Wir begleiten Jugendliche, die eine Ausbildung absolvieren, sei es als Lernende in einem Betrieb oder als Schülerin oder Schüler einer weiterführenden Schule, einem Gymnasium, einer Handelsschule usw.
Das Angebot «Ausbildungsbegleitung» wird sowohl als Externat wie auch als Internat geführt. Wir begleiten auch Jugendliche, die während ihrer Volksschulzeit an ihrem Wohnort die Schule besuchten und während dieser Zeit durch Fachpersonen des SONNENBERG unterstützt und begleitet wurden.
Das Personal ist sozialpädagogisch, psychologisch, didaktisch-methodisch sowie blinden- und sehbehindertenspezifisch geschult.
Die Jugendlichen werden vor Beginn der Ausbildungsbegleitung durch einen Berufsberater der Invalidenversicherung beraten. Dieser ist auch für die Kostengutsprache bei der Invalidenversicherung verantwortlich.

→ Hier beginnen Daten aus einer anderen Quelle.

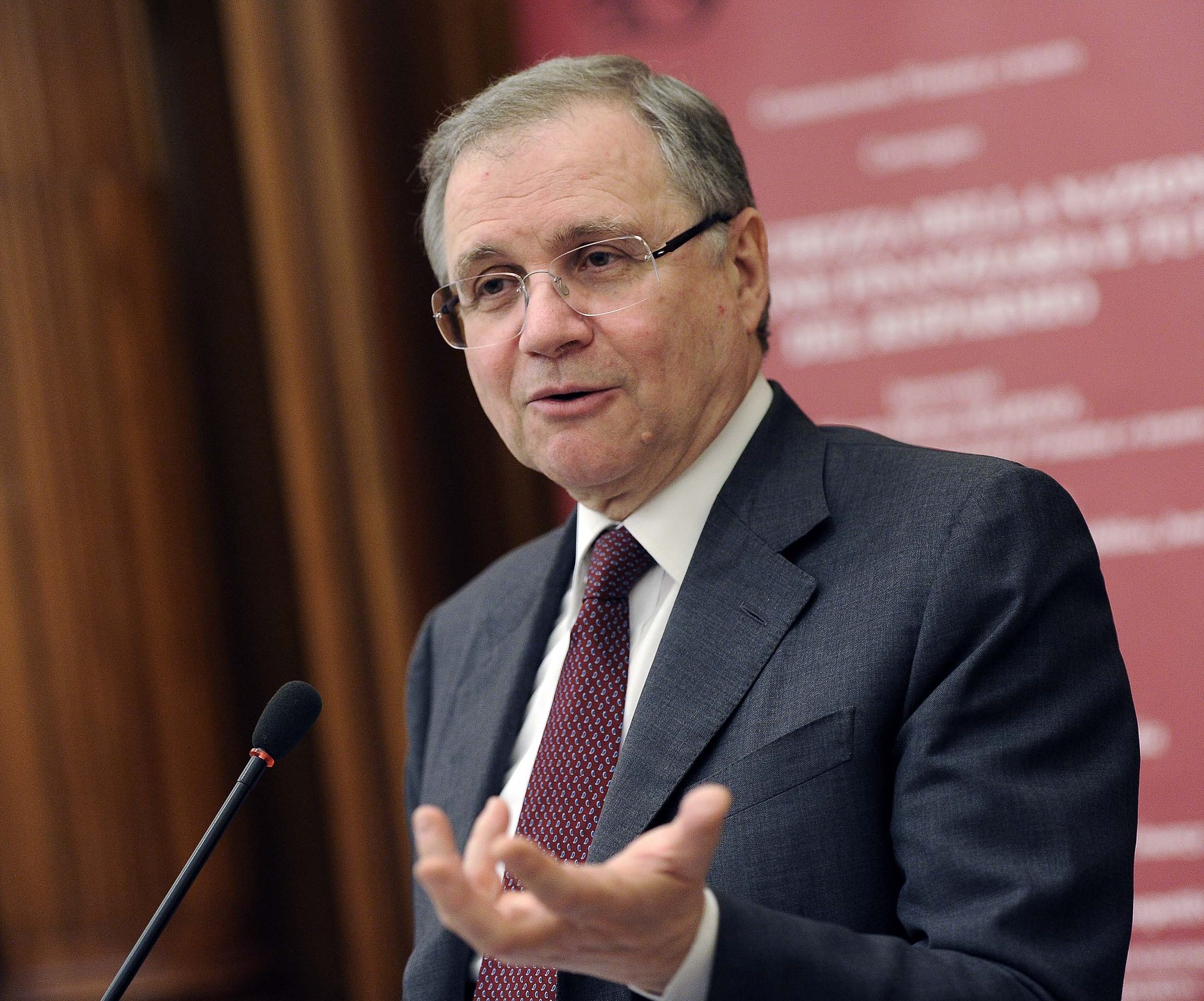 Visco vede Abi: focus su regole, crescita e stabilità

Der Umfang der Begleitung wird vorgängig zusammen mit dem Berufsberater festgelegt. Die Unterstützung richtet sich inhaltlich und zeitlich nach dem Ausbildungsprogramm und dem Unterstützungsbedarf der Jugendlichen.

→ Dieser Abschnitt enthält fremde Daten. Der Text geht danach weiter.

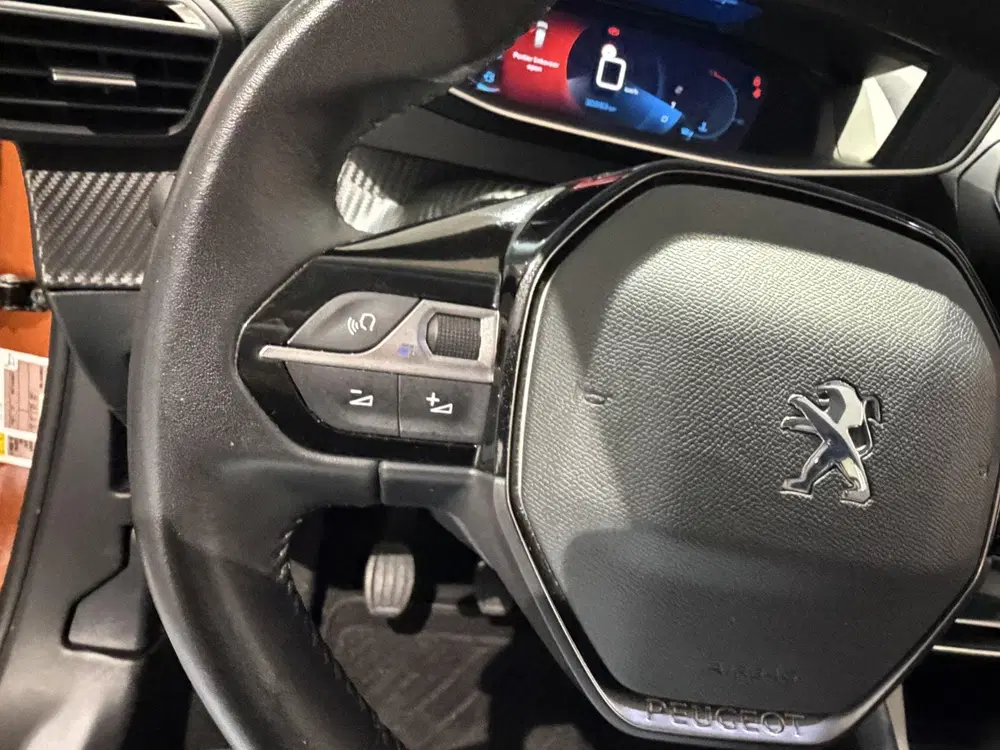 Peugeot 2008 PureTech 100 Allure Pack l Trekhaak l Navi uit 2022, foto 13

Wir bieten Unterkunft und Verpflegung für jene Jugendlichen, welche im SONNENBERG wohnen. Die Unterstützung und Begleitung der externen Schülerinnen und Schüler wird nach individuellem Bedarf und Absprache durchgeführt.
Die Jugendlichen, die nicht im Umfeld des SONNENBERG wohnen und die in der Nähe ihres Wohnortes eine Ausbildung absolvieren, werden von einer Beratungslehrperson regelmässig am Ausbildungsplatz und – je nach Bedarf – in der Berufsschule besucht, um aktuelle Probleme und Fragen angehen zu können.